Sunday, August 07, 2005

Rest in Peace, Peter Jennings

I can't remember when I started watching World New Tonight With Peter Jennings, but it was before I started going to school, and before I could read long words and small print properly. Indira Gandhi's assasination, the Oliver North hearings, the aftermath of the Challenger disaster, the conventions of '88, the fall of the Berlin Wall, the invasion of Kuwait, Operations Desert Shield and Desert Storm, the assasination of Rajiv Gandhi, the break-up of the Soviet Union, the election of Bill Clinton--these were all shaped for me by the calm and measured tones of Peter Jennings. He came to LA when it rained, breaking the drought of my childhood. Every New Years Eve I religiously watched the end of the year salute. Even after I cut my teeth on the LA Times as a child and even, much later, after I got my subscription to The New Yorker, Jennings was my guide for the events of the day. Through several moves, two states, and three or four houses, there was an unbroken family ritual. Come home, take a shower, watch Jennings. When high school started, I was given the choice of one hour of tv an evening. Resignedly I said goodbye to my beloved Star Trek--giving up Jennings wasn't even an option.
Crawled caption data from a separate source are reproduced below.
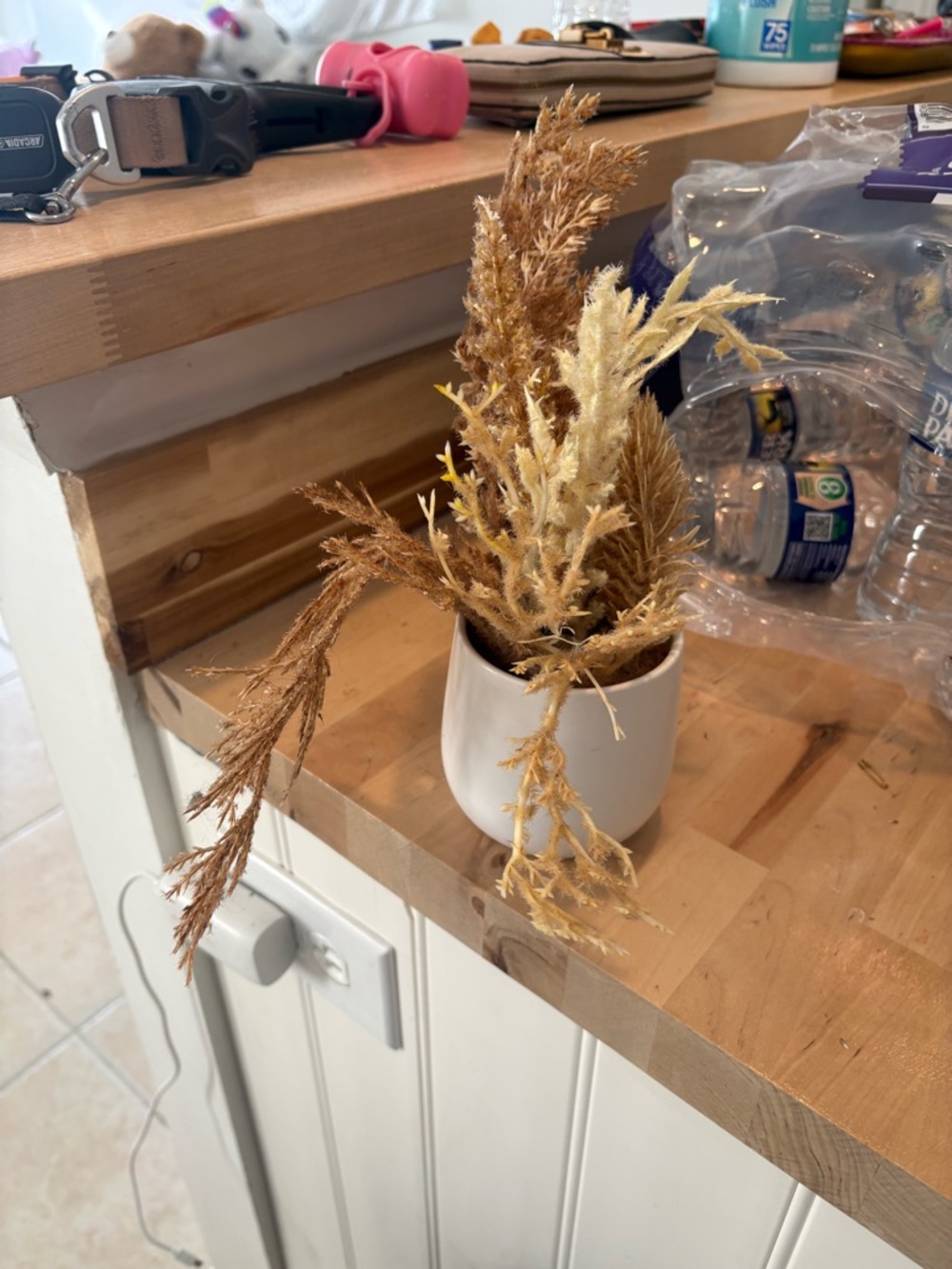 Dried Pampas & Grass Faux Arrangement in White Pot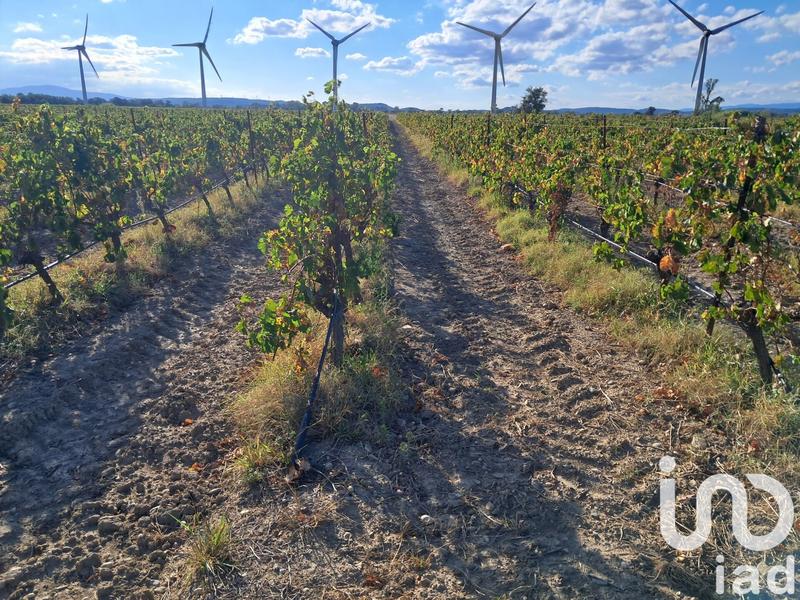 Terrain agricole - 29 000 m²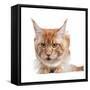 Maine Coon Cat-Fabio Petroni-Framed Stretched Canvas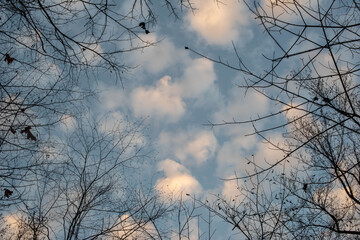 Blue sky and puffy clouds seen from a low angle view through bare tree branches. Natural light with excellent copy space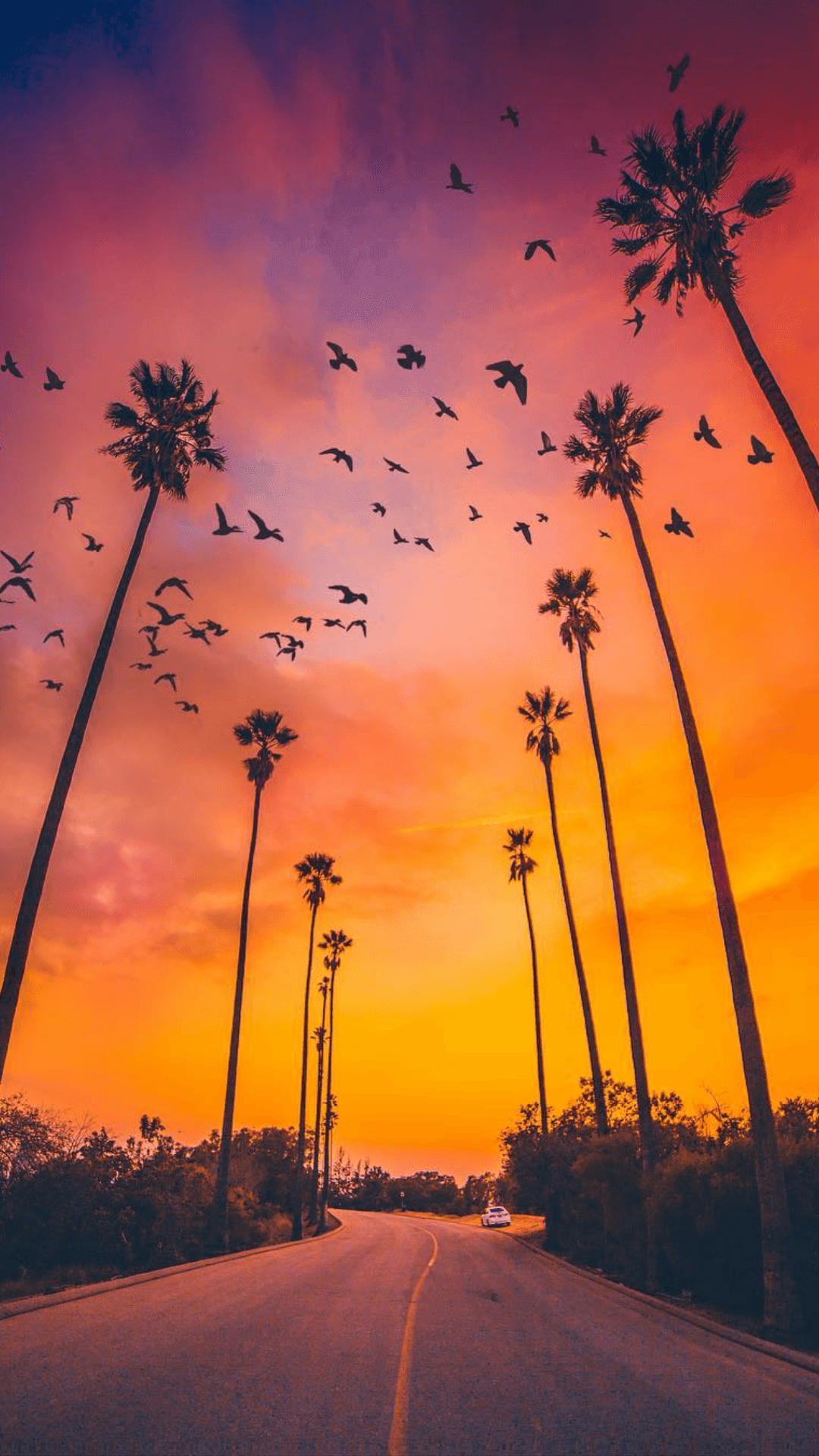 1080x1920 Palm Tree Wallpaper
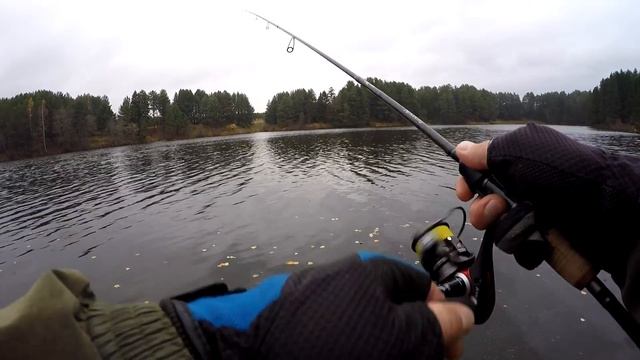 Ловля окуня осенью. Микроджиг на пруду смотреть онлайн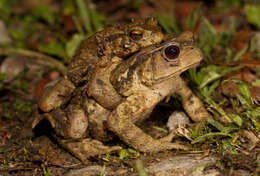 Image of Taiwan Common Toad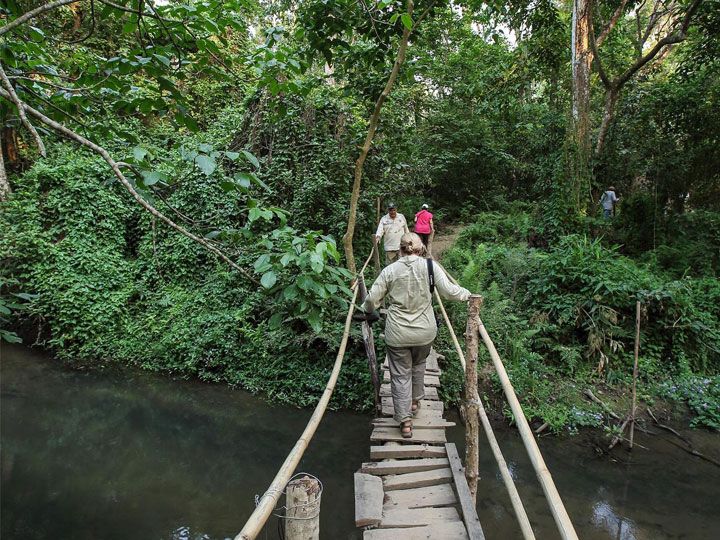 Jungle walk through chitwan national park accompained by expert naturalist of kasara resort chitwan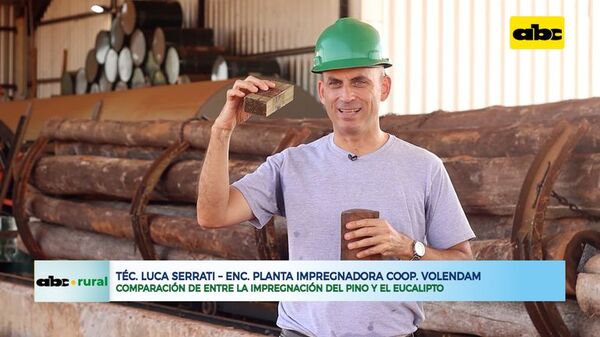 Comparación de entre la impregnación del pino y el eucalipto - ABC Rural - ABC Color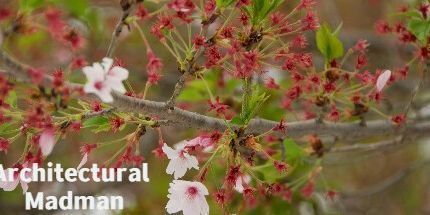 御三家Game-建筑狂人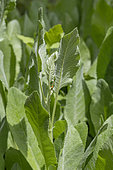 Costmary (Tanacetum balsamita)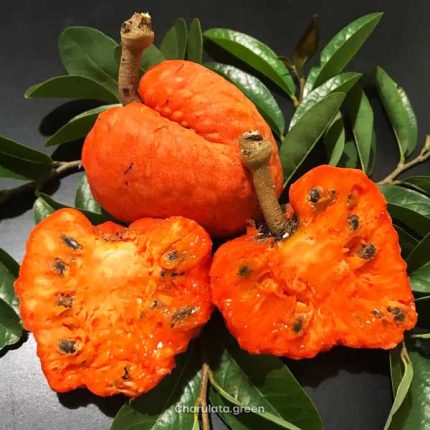অ্যানোনা স্পাইনসেন্স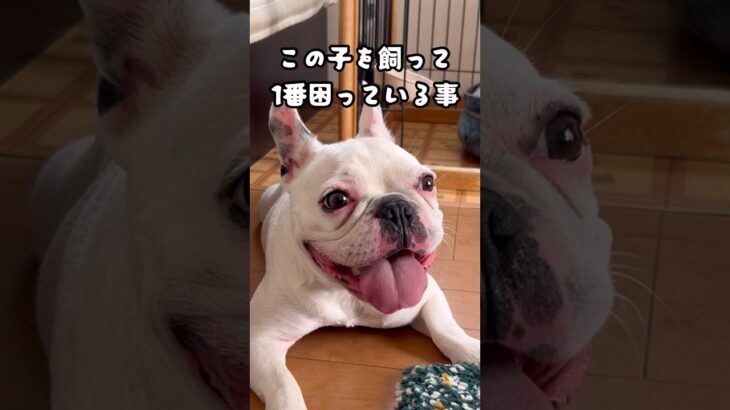 しつけをサボった結果…#家族 #犬 #フレブル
Sticking with him was almost an impossibility in college though; with an hour long commute on the train and lab classes that went till 5, my habit was broken. I was more likely to get my news on the drive to school via NPR. Later I turned to Abcnews.go.com, and for years that and the New York Times were my internet news sources. Eventually Akamai and then Google opened up the wide world of hourly news. Sadly, by the time I heard that Jennings was ill and wouldn't be sitting in the anchor desk regularly, I had long ago stopped regularly watching news on TV. In a lot of ways, I felt I had outgrown it. Broadcast segments really didn't do it for me, and the instantaneity and sense of being there had largely been superceded by blogs and wire services. More than anything it was the lack of routine--I had just lost the habit of getting home in time for his broadcast.

I made one major exception--the New Years eve broadcast of 1999 turning into 2000. I had stayed up late watching the sad resolution of the Indian Air hijacking--a dark foreshadowing of events to come--and barely caught the dawning of the New Year in India. I didn't miss any after that. I stayed glued to the TV, as much fascinated with Jennings' stamina and familiar wit--I have a vague memory of Bill Blakemore doing card tricks on TV to keep them all awake?!--as with the perfect, beautiful hourly celebrations of the new millennium sweeping from capital to capital, from Moscow to Paris to Rome to London and Paris to Newfoundland to New York to me. Despite the foreshadowing and some recent sad personal events, that day seems to epitomize everything hopeful and worldly and eager about our era. It was only right and proper that Peter Jennings would chaperone it.

When 9/11 happened I didn't have proper TV signal, and I gnashed my teeth for a Jennings fix, but it just wasn't possible, and the habit seemed broken. Sadly, now it has to be.

My understanding of the building of the atomic bomb, and the physicists who made it, was greatly influenced by a documentary he made, and that directly contributed to my desire to major in physics. My understanding of the situation regarding Israel and Palestine was also influenced by his work. He consistently reported on India when no one else really cared. I don't really know what to say, except he's the single most present public figure in my life so far, even counting the relative recent absence. I really can't imagine my childhood and youth without him. When considering the formation of any of my thinking on politics, my sense of the globe, my sense of what's current--at the beginning of all of it is some World News Tonight segment, some introduction by Peter Jennings. I'm just so sad that I was in New York, with people he knew, and I never got to meet him.

I'll close with one of my favorite Jennings clips ever. You know the joke about Anchors not wearing any pants? Well, at some point I was flipping channels and I caught part of an ABC anniversary special. I forget what the context was but there was a great clip of a young Peter Jennings reporting from Egypt. He was standing on a balcony overlooking the city, delivering some fairly serious commentary but in his shirtsleeves. Then he signs out. The tape keeps rolling; he clearly thinks he's off camera and he's almost certainly off the air. He furrows his brow and says to the Cameraman, "Uh, ---, what are you doing?" The camera tilts down. No pants.

Rest in Peace Mr. Jennings. Thank you for everything.